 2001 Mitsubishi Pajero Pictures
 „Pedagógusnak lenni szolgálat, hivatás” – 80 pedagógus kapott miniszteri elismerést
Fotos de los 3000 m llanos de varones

━━━━━━━━

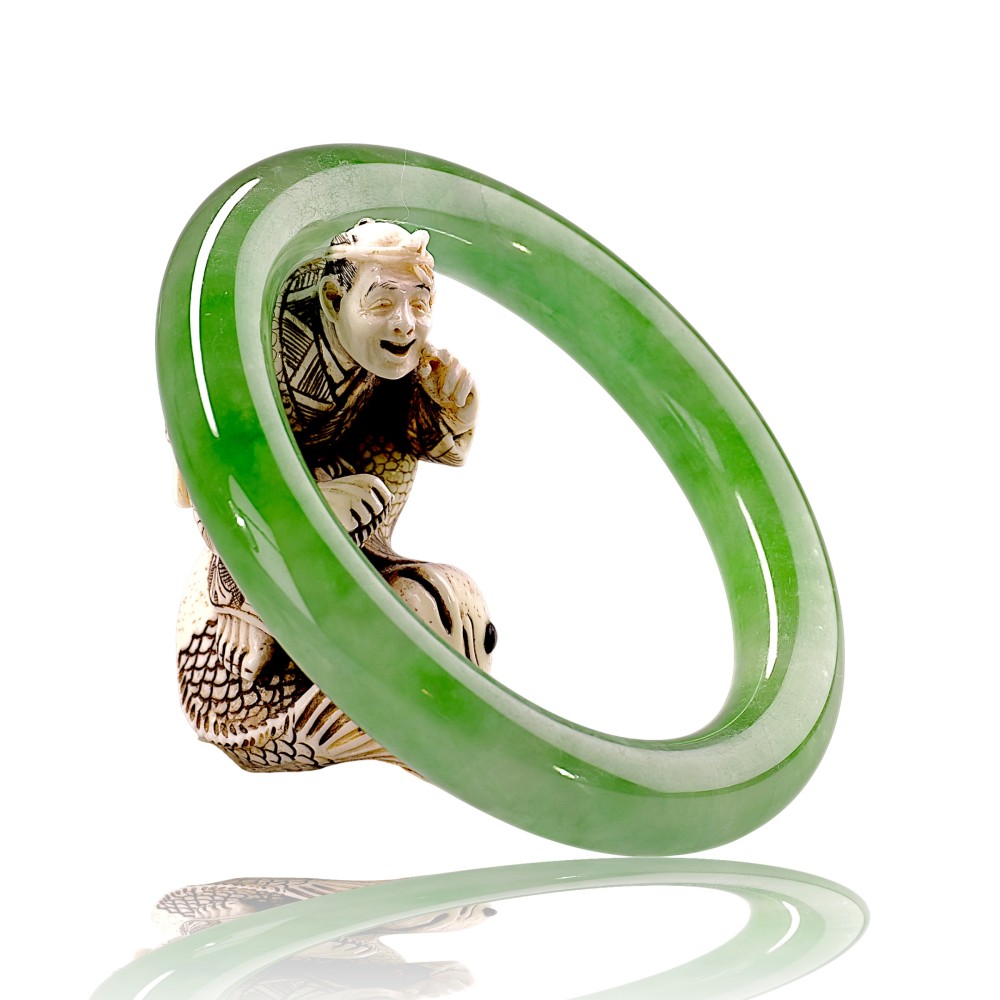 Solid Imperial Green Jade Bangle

━━━━━━━━

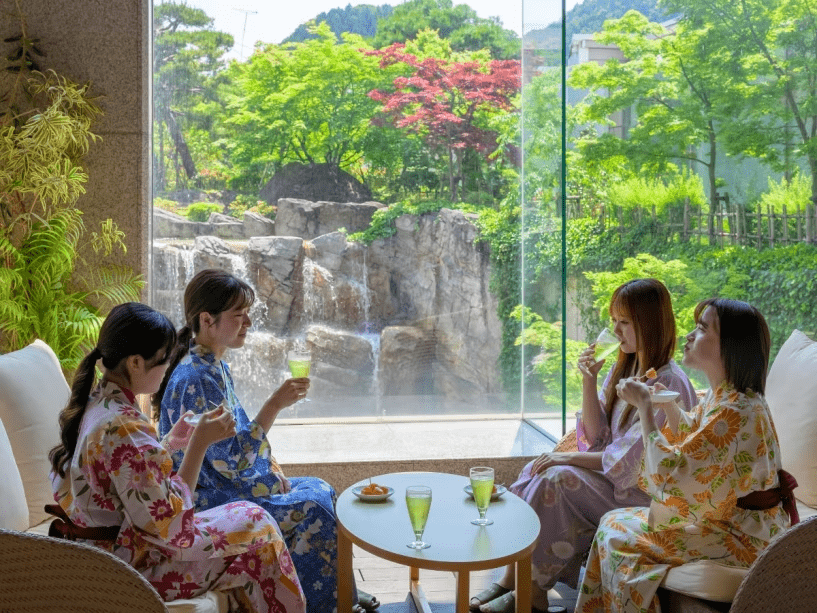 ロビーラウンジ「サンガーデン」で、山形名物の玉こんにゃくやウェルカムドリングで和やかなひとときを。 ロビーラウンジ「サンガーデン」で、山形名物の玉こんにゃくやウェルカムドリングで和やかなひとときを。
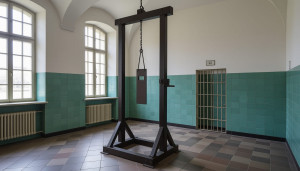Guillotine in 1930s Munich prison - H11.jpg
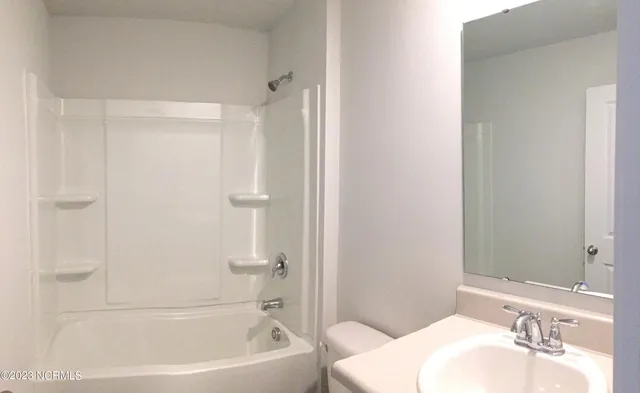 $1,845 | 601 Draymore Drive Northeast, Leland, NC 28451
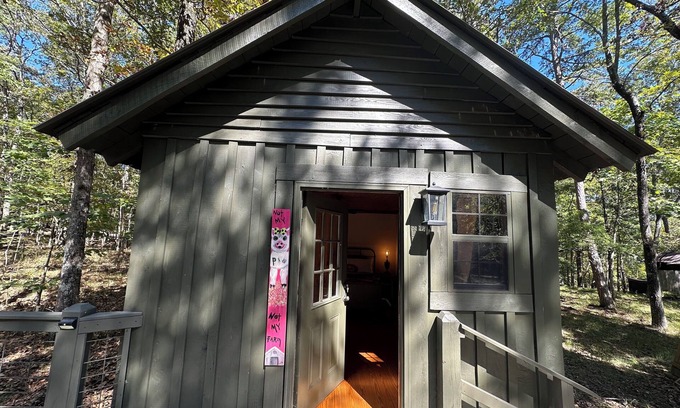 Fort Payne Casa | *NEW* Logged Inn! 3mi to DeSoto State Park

━━━━━━━━

**ASSIGNED TASK:** Using the data above, reproduce exactly the lines between those holding "2001 Mitsubishi Pajero Pictures" and "Fotos de los 3000 m llanos de varones", inclusive, and no others.

**RESPONSE FOR THIS EXERCISE:**
 2001 Mitsubishi Pajero Pictures
 „Pedagógusnak lenni szolgálat, hivatás” – 80 pedagógus kapott miniszteri elismerést
Fotos de los 3000 m llanos de varones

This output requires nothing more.